E por falar em visceral é preciso alertar que este filme possui muitas cenas fortes, poucas de sexo e muitas de violência, que é gráfica quando necessário. Por exemplo, quando precisamos ver a bengala nas mãos de Dominika arrebentando os corpos de seus detratores, para entender que a transformação pela qual ela passará é apenas uma descoberta do que ela sempre foi. “Especial”, como ela diz.
Aliás, note como desde o primeiro momento os símbolos no filme vão sendo apresentados em momentos-chave. Quando Dominika está punindo os que a fizeram perder seu sonho, ela o faz com eles em pleno ato sexual, o que assume um aspecto moralista. Mais tarde ela mesma irá usar seu corpo para conseguir o que quer, o que demonstra mudanças ou revelações de seu caráter. Da mesma forma é feito com a violência. Após esse primeiro ato com a bengala ela fica com as mãos levemente sujas de sangue, e esse sujo de sangue vai assumindo proporções cada vez maiores.

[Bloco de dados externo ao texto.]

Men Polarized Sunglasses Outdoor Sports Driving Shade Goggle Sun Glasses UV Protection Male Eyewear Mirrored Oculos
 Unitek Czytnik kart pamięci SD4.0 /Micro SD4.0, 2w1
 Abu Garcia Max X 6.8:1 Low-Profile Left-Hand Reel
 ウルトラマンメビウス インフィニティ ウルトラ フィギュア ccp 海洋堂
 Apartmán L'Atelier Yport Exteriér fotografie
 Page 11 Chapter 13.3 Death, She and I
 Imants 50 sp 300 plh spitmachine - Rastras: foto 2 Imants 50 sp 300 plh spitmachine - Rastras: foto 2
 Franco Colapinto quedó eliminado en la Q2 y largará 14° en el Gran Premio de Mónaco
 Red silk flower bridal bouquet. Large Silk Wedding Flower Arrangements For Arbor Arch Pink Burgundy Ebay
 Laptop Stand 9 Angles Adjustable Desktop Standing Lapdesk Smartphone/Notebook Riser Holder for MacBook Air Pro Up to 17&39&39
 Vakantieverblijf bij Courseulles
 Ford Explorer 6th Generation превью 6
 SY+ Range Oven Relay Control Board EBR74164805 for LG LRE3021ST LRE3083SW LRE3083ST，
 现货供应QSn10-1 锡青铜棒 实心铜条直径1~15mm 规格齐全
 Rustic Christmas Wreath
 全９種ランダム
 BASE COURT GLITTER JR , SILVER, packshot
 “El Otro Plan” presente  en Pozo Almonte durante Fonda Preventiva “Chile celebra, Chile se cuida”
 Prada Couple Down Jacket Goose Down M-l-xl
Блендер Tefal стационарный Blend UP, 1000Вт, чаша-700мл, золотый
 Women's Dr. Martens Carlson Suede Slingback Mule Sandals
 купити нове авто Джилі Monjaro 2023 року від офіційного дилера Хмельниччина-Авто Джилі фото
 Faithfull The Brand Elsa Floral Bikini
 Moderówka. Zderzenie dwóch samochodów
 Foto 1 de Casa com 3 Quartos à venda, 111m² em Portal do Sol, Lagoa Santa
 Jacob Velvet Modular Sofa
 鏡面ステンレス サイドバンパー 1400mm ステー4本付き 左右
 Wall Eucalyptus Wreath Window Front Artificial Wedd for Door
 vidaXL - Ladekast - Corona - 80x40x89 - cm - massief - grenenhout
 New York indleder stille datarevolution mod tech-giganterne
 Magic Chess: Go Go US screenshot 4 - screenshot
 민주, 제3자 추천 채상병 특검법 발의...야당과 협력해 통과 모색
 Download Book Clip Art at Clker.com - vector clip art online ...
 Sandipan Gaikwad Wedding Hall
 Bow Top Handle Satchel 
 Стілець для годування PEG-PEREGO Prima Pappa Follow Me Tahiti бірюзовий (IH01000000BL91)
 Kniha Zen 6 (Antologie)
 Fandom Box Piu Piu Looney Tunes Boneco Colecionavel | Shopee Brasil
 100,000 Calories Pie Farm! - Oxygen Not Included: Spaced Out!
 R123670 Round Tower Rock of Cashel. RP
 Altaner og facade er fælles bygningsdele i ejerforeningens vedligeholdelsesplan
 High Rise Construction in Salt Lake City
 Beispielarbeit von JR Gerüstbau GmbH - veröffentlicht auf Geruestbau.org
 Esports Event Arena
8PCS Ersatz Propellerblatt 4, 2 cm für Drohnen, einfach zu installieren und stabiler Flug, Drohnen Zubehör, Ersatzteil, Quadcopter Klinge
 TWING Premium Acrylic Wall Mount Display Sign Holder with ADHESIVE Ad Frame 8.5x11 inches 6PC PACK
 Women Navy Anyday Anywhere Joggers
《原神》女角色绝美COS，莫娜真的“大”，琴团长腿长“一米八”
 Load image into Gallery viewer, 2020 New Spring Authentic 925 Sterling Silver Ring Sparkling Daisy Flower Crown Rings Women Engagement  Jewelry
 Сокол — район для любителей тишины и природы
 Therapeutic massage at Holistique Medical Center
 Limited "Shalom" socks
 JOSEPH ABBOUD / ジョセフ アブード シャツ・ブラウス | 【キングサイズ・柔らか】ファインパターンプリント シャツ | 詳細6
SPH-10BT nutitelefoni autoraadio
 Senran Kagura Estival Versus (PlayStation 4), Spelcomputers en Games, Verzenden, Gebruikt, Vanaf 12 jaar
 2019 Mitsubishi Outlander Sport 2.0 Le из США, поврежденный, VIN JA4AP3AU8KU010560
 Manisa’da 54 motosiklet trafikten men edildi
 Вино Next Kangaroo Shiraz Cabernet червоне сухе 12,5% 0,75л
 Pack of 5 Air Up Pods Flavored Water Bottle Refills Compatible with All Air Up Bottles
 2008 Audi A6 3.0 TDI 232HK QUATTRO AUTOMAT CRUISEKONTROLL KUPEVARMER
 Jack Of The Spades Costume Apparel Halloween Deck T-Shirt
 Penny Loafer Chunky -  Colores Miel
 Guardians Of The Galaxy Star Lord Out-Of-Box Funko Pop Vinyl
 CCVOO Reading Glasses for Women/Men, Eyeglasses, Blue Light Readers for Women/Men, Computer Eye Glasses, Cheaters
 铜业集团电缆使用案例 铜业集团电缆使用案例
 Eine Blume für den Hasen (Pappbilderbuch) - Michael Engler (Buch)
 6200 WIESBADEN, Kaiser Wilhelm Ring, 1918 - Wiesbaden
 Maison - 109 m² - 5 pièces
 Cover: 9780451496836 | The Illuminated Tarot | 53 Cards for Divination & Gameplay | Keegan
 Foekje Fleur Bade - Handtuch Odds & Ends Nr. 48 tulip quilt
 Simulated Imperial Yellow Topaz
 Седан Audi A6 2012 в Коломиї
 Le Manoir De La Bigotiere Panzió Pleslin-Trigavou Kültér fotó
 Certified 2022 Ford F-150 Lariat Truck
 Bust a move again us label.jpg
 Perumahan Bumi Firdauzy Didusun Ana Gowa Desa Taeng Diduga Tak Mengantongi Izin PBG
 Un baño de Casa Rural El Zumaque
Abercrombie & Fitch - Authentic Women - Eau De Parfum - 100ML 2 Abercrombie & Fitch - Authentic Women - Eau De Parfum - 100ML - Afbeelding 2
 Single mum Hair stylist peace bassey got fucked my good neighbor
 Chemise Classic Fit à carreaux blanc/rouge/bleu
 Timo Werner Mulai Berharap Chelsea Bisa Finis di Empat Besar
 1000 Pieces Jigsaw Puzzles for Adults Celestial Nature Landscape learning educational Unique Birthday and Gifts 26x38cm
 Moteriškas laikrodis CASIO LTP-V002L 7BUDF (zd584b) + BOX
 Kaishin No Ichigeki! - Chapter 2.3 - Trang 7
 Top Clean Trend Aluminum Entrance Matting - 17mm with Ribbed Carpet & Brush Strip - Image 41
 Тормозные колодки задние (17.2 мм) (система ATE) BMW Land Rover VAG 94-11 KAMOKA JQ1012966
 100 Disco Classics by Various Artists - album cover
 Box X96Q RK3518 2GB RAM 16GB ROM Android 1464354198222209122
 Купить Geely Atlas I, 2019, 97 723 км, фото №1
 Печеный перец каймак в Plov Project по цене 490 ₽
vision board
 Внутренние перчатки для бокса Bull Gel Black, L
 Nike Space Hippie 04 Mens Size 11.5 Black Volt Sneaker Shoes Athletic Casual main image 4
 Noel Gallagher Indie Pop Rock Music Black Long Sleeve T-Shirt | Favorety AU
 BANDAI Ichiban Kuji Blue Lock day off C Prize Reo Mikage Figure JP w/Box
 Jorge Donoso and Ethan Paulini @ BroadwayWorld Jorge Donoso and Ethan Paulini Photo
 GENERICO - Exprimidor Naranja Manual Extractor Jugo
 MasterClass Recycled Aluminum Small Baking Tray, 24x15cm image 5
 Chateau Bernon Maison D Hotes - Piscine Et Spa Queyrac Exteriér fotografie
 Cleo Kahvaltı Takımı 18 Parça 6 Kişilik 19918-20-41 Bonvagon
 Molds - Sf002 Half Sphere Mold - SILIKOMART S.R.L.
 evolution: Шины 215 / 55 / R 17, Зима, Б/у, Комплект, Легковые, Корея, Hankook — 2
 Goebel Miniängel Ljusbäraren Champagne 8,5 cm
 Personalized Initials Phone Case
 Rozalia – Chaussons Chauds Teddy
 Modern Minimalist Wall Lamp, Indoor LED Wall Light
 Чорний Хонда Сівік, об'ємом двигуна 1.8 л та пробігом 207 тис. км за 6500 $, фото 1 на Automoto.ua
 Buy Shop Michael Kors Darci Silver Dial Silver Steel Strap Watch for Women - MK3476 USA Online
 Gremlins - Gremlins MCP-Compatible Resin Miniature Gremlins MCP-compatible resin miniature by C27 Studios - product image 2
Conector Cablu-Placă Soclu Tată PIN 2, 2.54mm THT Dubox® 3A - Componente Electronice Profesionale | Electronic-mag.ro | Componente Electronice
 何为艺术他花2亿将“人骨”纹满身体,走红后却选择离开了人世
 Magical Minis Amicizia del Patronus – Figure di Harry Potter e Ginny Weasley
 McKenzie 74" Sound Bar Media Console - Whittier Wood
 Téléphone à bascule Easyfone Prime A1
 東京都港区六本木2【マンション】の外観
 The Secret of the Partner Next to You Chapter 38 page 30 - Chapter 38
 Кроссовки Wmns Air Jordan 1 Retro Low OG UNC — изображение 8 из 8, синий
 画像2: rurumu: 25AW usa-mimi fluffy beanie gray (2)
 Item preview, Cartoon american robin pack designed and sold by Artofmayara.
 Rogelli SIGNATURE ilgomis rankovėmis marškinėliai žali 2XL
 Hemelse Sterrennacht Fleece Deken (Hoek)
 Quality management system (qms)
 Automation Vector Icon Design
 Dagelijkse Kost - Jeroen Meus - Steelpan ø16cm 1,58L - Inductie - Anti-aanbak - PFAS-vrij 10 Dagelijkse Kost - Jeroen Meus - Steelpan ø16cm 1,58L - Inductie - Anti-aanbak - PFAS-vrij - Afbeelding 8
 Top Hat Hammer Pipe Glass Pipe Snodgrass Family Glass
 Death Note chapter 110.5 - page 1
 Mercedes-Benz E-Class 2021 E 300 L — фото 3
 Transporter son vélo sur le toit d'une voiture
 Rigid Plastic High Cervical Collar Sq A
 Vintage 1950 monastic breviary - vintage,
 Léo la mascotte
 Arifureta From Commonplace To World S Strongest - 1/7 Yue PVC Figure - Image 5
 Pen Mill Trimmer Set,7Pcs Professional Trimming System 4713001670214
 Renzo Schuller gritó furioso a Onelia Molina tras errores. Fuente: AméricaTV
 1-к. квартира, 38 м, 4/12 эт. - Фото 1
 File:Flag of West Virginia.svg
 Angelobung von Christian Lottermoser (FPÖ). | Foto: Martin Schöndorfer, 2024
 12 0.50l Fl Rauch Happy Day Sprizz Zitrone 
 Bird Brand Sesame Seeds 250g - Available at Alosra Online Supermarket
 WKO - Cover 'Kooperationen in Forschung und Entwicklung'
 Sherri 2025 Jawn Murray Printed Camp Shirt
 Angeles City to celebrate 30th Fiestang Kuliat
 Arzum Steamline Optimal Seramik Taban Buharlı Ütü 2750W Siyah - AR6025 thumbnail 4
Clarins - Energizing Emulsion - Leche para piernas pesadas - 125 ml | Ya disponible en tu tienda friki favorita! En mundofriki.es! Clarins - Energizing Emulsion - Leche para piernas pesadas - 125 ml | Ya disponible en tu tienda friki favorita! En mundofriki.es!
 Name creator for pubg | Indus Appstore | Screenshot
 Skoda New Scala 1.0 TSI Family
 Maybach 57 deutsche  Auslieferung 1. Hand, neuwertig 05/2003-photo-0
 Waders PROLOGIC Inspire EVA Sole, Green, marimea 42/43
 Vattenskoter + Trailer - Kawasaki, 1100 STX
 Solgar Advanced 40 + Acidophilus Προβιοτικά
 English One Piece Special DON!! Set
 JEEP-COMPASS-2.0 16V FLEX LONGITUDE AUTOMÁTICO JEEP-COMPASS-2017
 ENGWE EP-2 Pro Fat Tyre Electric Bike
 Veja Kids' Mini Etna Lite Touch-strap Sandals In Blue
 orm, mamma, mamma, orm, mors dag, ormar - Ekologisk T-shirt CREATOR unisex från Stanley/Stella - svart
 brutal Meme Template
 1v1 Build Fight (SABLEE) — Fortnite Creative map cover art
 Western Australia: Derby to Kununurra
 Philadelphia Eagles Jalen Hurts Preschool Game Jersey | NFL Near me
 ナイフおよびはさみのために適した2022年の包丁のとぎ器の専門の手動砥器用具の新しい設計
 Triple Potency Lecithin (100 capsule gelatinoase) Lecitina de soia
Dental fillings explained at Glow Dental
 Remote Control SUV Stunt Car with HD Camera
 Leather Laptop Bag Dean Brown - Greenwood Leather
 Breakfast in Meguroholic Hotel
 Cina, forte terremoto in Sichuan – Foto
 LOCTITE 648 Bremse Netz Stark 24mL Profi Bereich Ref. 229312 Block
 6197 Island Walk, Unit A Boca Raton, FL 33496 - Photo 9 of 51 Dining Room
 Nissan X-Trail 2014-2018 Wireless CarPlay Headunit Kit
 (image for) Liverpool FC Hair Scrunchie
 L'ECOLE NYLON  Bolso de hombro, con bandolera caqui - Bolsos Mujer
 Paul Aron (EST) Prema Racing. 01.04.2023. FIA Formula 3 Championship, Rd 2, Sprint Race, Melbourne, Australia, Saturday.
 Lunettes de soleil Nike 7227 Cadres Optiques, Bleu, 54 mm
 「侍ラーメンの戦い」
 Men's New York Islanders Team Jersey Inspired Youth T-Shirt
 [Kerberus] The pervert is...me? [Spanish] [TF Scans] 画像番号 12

Mas além de tudo esta é, como todo filme espião bem feito, uma história cínica que apesar de lidar com vilões e mocinhos, e até um romance, a linha é tênue, apesar de estar lá. O que nos leva a reinterpretar a todo momento o que está acontecendo, o que é ótimo, pois revela sutilmente as camadas de uma narrativa que respeita a inteligência do espectador e ao mesmo tempo a inteligência da protagonista.
Jennifer Lawrence é a escolha perfeita para o papel da espiã russa, e quando ela muda a cor de seus cabelos sua transformação é completa. Versátil e habituada a fazer a mulher forte que não mede esforços, este segundo trabalho com o diretor Francis Lawrence é mais maduro que a série Jogos Vorazes. Lawrence consegue ser sexy e séria ao mesmo tempo sem soar ridícula, e no processo demonstra como algumas de suas ações podem ser dolorosas demais para ela.
Já Francis Lawrence dirige um casting equilibrado que se beneficia das sombras típicas do gênero e os diálogos afiados do roteiro. Mas é de Lawrence, diretor, o pulso firme em não desbancar uma trama bem construída em mais um suspense clichê, um risco que Francis – vindo do mundo dos videoclipes – parece a todo momento flertar, felizmente sem concluir o processo. A despeito da violência gráfica o filme mantém seu peso, fazendo-nos acreditar que tudo aquilo poderia muito bem estar acontecendo, mesmo que esse pensamento seja ridículo.
Esta é mais uma oportunidade também para que James Newton Howard (King Kong, Batman: O Cavaleiro das Trevas) brilhe na produção de uma trilha sonora que se aproveita dos temas de espiões, tornando a experiência carregadíssima de referências e ao mesmo tempo original. Note como o tom de deslumbramento da música-tema nos faz flutuar sobre tudo aquilo que está acontecendo, como se esta fosse uma revisita àquela época em um universo paralelo; o universo do cinema.
Construído a partir de um romance de espiões, Operação Red Sparrow poderia muito bem ser uma adaptação burocrática cujos detalhes nos fazem dormir. Mas não é bem assim. Os pontos-chave da trama são tão bem colocados no início do filme que apesar do filme se estender por duas horas e vinte minutos, a sensação é de que não queremos sair daquela atmosfera que o filme nos fez amar. Ou isso, ou eu tenho um fraco por filmes com belas espiãs russas interpretadas por atrizes norte-americanas. Nota a ironia desta produção?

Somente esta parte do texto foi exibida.